On February 6, 2020, a federal judge permanently blocked a DHS policy shift regarding persons who entered the United States on student visas and who later fell out of valid status.
Many noncitizens who enter the United States on certain nonimmigrant visas – including F, J, and M student visas – are permitted to remain in the United States for the time during which they are pursuing their educations at accredited schools or engaging in authorized training after the completion of their studies. When persons with these visas are admitted to the United States, they generally are admitted not for a specific period of time, but rather for the “duration of status.” When DHS issues an I-94 to these persons, they generally state that they are permitted to remain through “D/S,” which stands for “duration of status.”
Noncitizens who accumulate “unlawful presence” in the United States suffer certain penalties when they depart the United States: They are prohibited from returning to the United States for either 3 or 10 years, depending on the length of their “unlawful presence” in the United States before they departed.
For more than 20 years, DHS has maintained that persons with F, M, or J visas who fall out of valid status – who stop attending school or who stop authorized training – do not begin to accumulate unlawful presence unless or until a U.S. government official formally determines that they have lost their valid status.
DHS Policy Shift in 2018
DHS announced an abrupt change in this policy in August 2018, by stating that, effective immediately, persons with F, J, or M visas who stop going to school or who stop their training immediately begin to accumulate unlawful presence, without the requirement of any formal determination by a DHS official.
Federal Court Decision
A number of colleges, organizations, and noncitizens filed a federal lawsuit in North Carolina against DHS, asserting two main things: (1) that DHS’s policy shift was a “rule” change that required that they give advance notice of the proposed change and give the public a chance to provide comments on the proposal, and (2) that the policy shift is unlawful because it conflicts with established immigration laws that Congress has passed.

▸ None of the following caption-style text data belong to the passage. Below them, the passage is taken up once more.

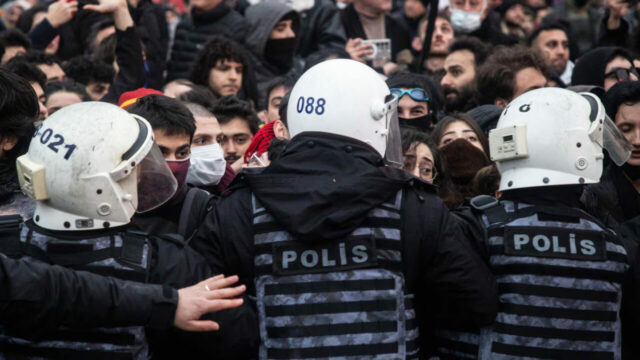 An Gelir, Abluka Dağılır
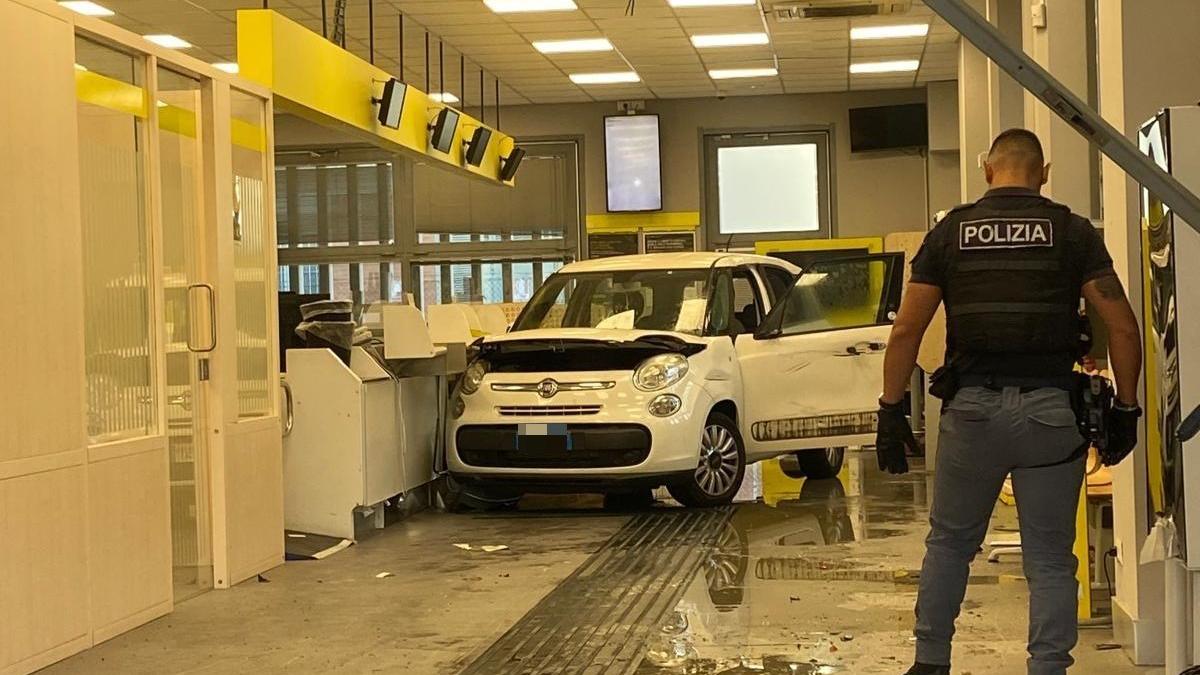 Rubiera, auto come ariete contro le Poste: arriva la polizia e scatta l’inseguimento. Due fermati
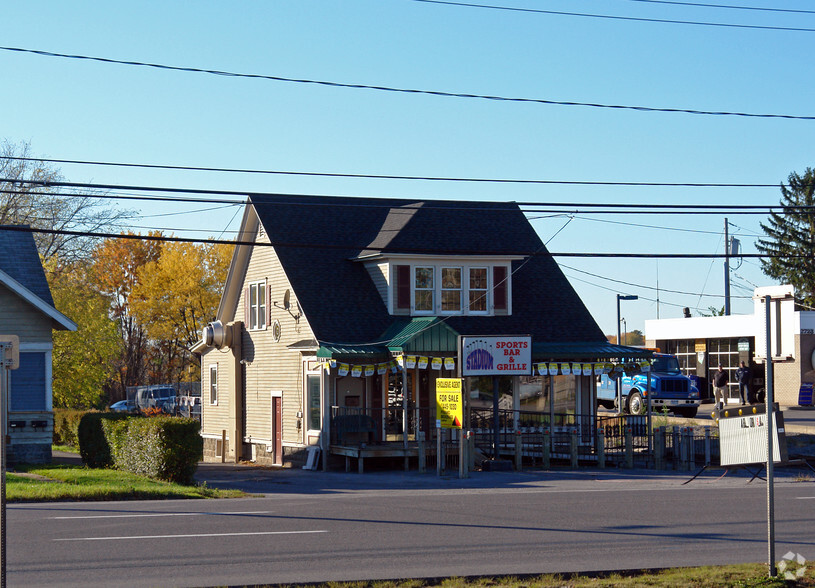 2721 Brewerton Rd, Mattydale, NY for sale - Primary Photo - Image 1 of 1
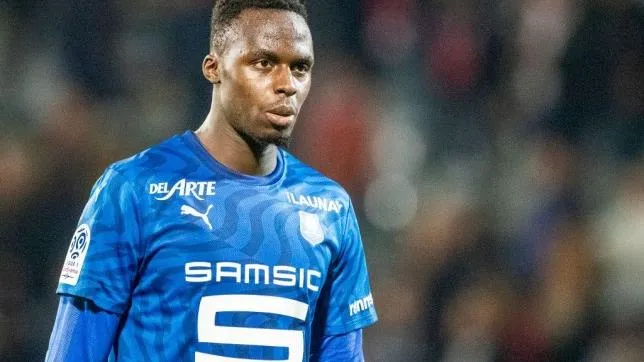 Chelsea chuẩn bị có tân binh thứ 7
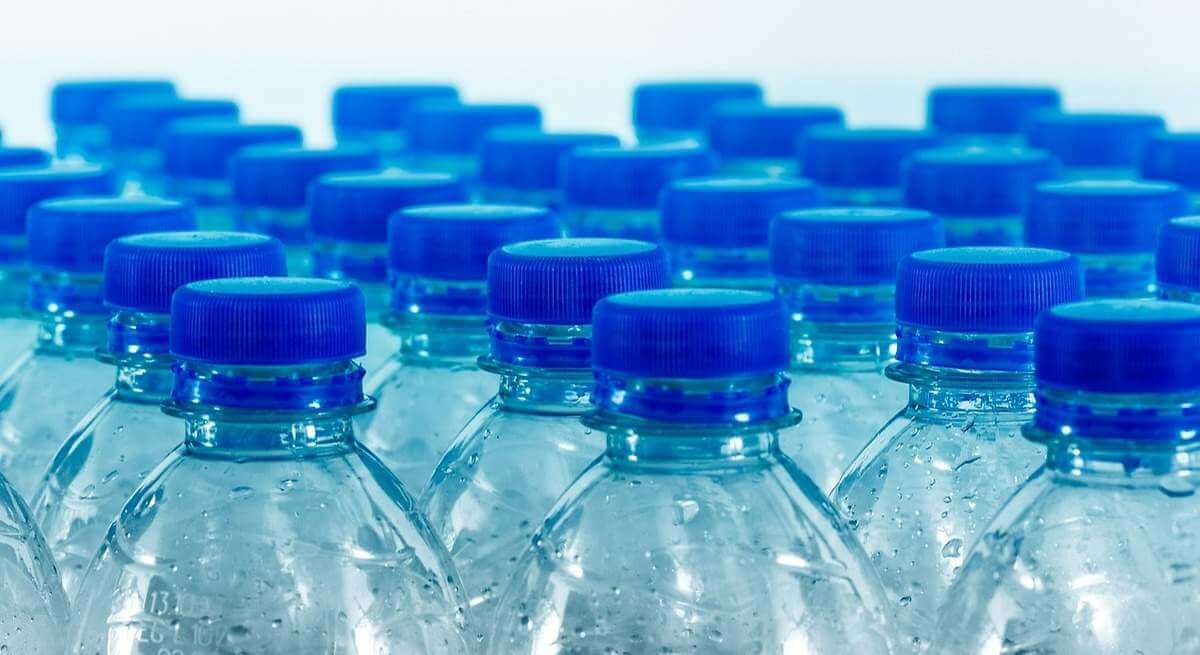 Una petición global de científicos para dejar de beber agua embotellada cuanto antes: «No es segura»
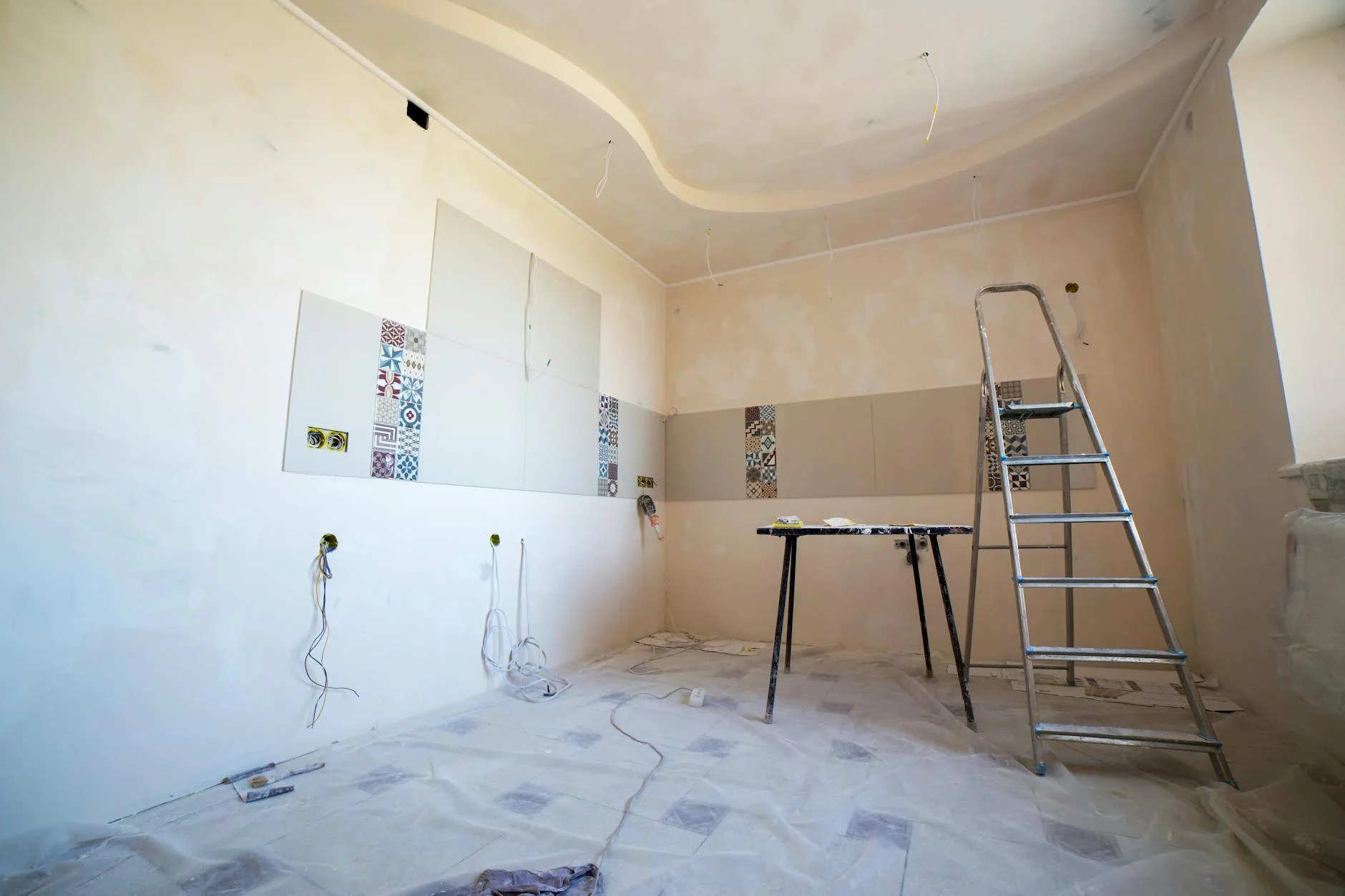 Ein Schweizer Bauherr hält einen Ordner mit Rechnungen und Bauplänen vor einem renovierten Haus, symbolisiert steueroptimierte Renovierung.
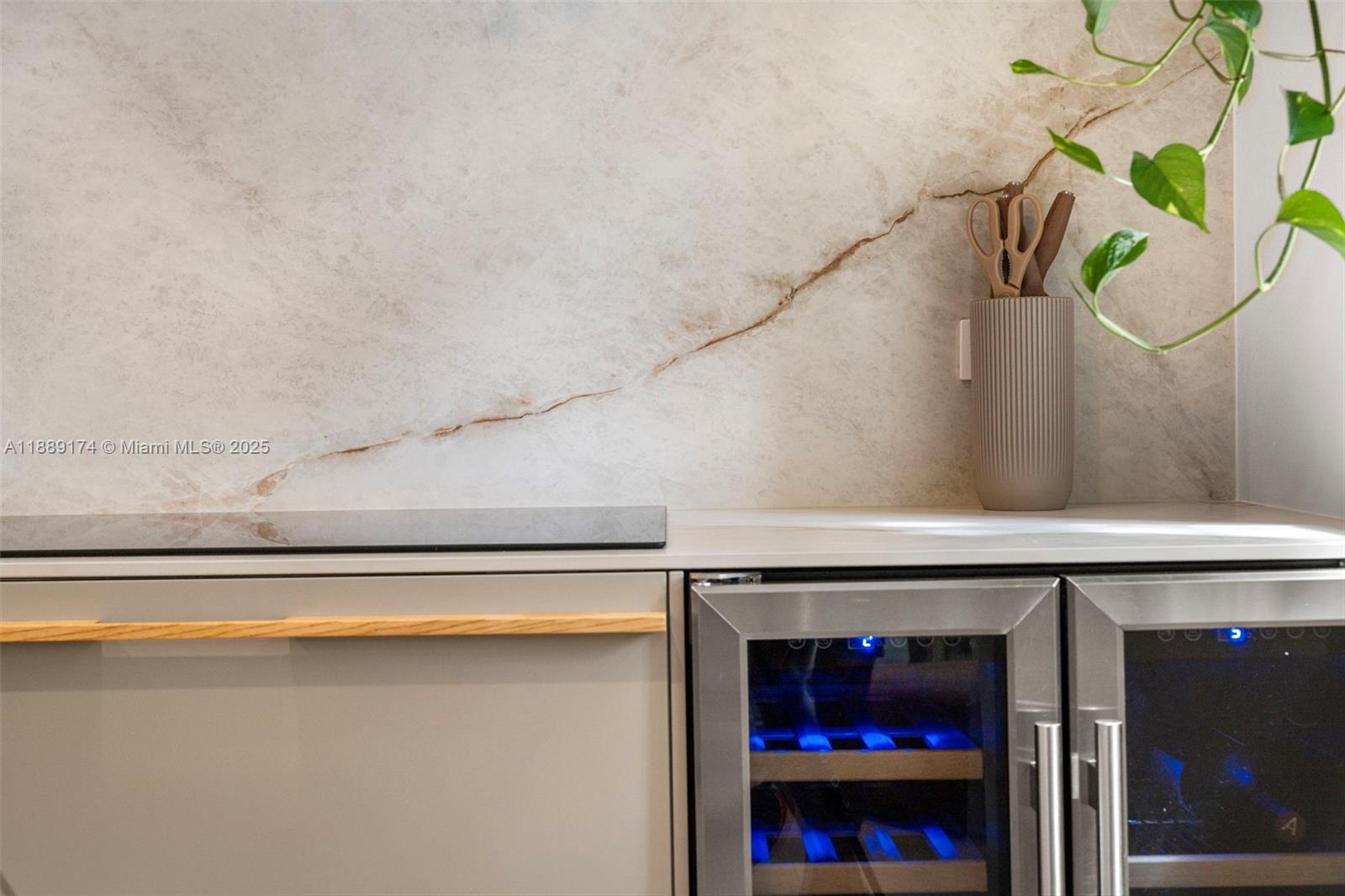 1390 Ocean Drive, Unit 202 Miami Beach, FL 33139 - Photo 41 of 80 a close view of utility room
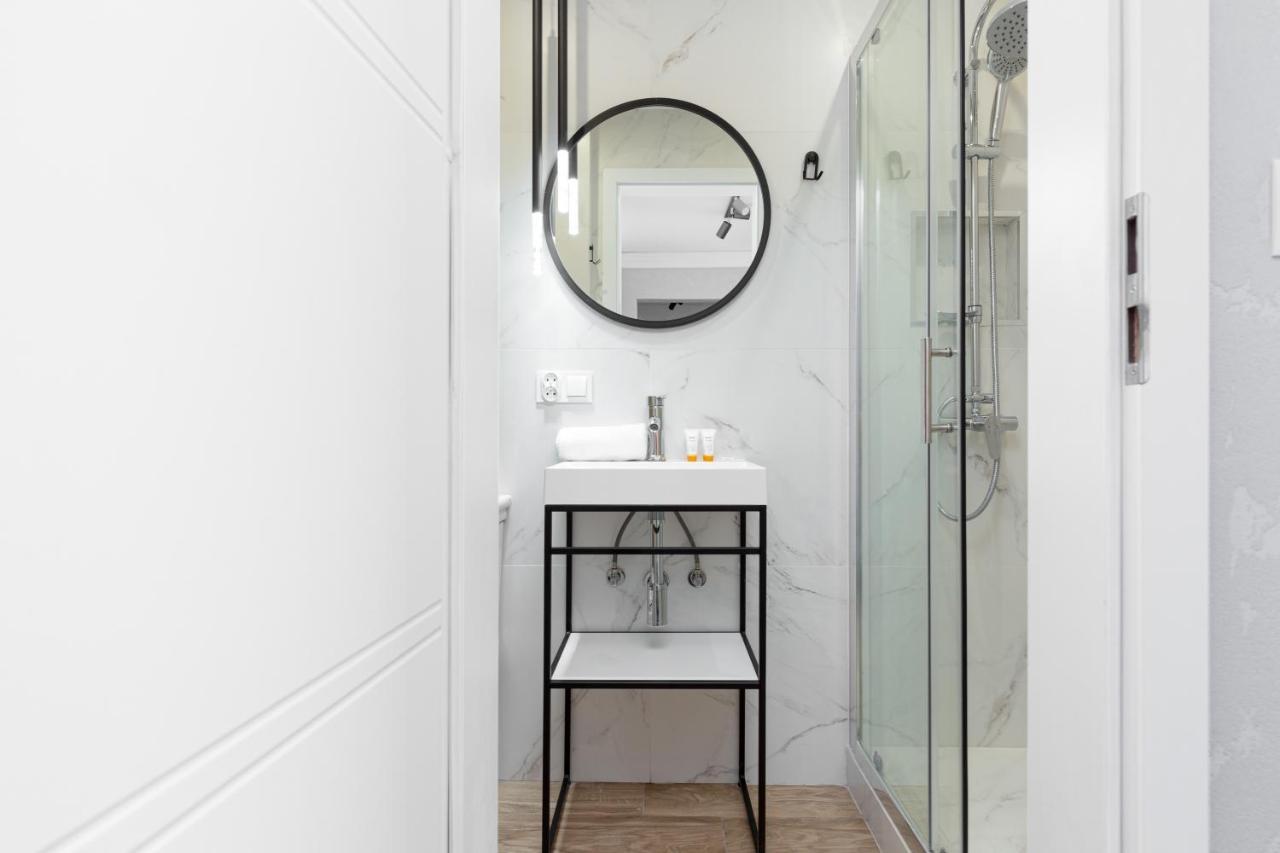 Metro Marymont Apartment By Noclegi Renters 바르샤바 외부 사진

In May 2019, the court issued a preliminary injunction against the DHS policy shift while the court considered the merits of the case.
On February 6, 2020, the court issued a final decision, agreeing with the colleges, organizations, and noncitizens that the DHS policy shift is unlawful for both reasons described above: (1) the policy shift was a “rule” that requires the notice-and-comment procedure, and (2) the policy shift conflicts with federal immigration law. The court permanently blocked DHS from implementing the policy shift against anyone, anywhere in the world.
We will need to wait and see if DHS appeals the court’s decision. For now, the DHS policy is permanently blocked.